Athletes therefore develop an awareness of their body through practice, which allows those who perform at the highest levels to quickly pick up entirely new movements and techniques. They can see an exercise performed by someone else and understand what that person is doing without ever having seen it before. Crucially, they understand how they can do it, too.
Athletes also understand their sport at the so-called a gut level. Sometimes, what appears to be superstition is actually intuition developed through experience. A pitcher may instinctively adapt his strategy to different weather conditions without knowing why. He may not even be consciously aware that he is doing so.
It may surprise some readers, but all exercise requires a high degree of this tacit knowledge. The longer you lift weights and the more you try to learn about the human body, the more you become aware of just how complex human movement is. You realize how little you used to know. Exercises that once seemed simple now feel complicated in ways that you find difficult to convey. You begin to come to terms with the limits of your own knowledge and awareness, and you grasp a hint of just how much more there is to know. Even at this late date, there is much that we do not understand about the body.
There are those who find weight training boring. It appears repetitive, often performed inside buildings without aesthetic interiors, and mindless. But then there are others, including many athletes and sports professionals, who don’t find it mindless. To them, it engages the mind at a very high level. A movement such as the deadlift, for instance, appears simple, but it requires a great degree of coordination between most of the major (and many minor) muscle groups within the body. It is technically and mechanically interesting. If you deadlift very heavy, you can’t let your mind wander. You must be focused on what you are doing. You feel different muscles within your body engage, and you can tell if something fires improperly or if you relax too early.

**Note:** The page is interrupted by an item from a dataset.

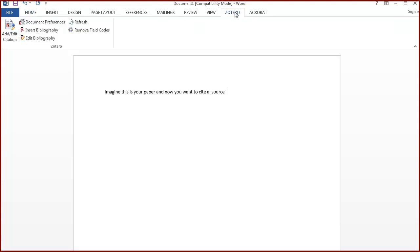When you want to insert a citation into the text of your document, select the Add Edit Citation icon.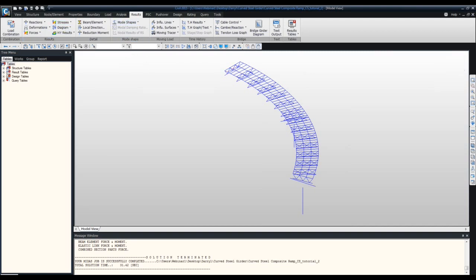Now that the analysis is done, we move to the design section — the new feature we're excited to share. We'll do composite section design first because it has the most steps. Don't worry about remembering every exact step; just remember the general flow. When you do it on your own, you'll have a firm understanding of where to go and how it's set up.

For an athlete, and especially for a trainer, every workout is an opportunity to gain this type of knowledge. Not only is each workout designed to stimulate key physiological parameters, but it is also an opportunity to practice. That could mean practicing new movements or techniques, or it could mean mastering the same skill one has honed for years. It could mean trying to develop new tweaks and innovations, or it could mean focusing on deepening one’s instinct for physical movement. It is a deliberate form of practice, a deep practice, one that is anything but mindless.
Physical exertion can concentrate the mind very effectively. But surprisingly, the mind doesn’t always concentrate where you might want it to. It takes work to focus on the carriage of the arms, the rhythm of the breathing, the sensation of the footfalls, the cadence of the run. Running is deceptive. It is something “everyone knows how to do,” and yet most people don’t do it nearly as efficiently as they could. There are thousands of little variables that go into it.
Barbell lifts are similar. There are more possible cues than any lifter can keep at the forefront of the mind during any single repetition. This can be intimidating, because a lot can go wrong in a heavy lift. And if something goes wrong, it can go wrong very badly.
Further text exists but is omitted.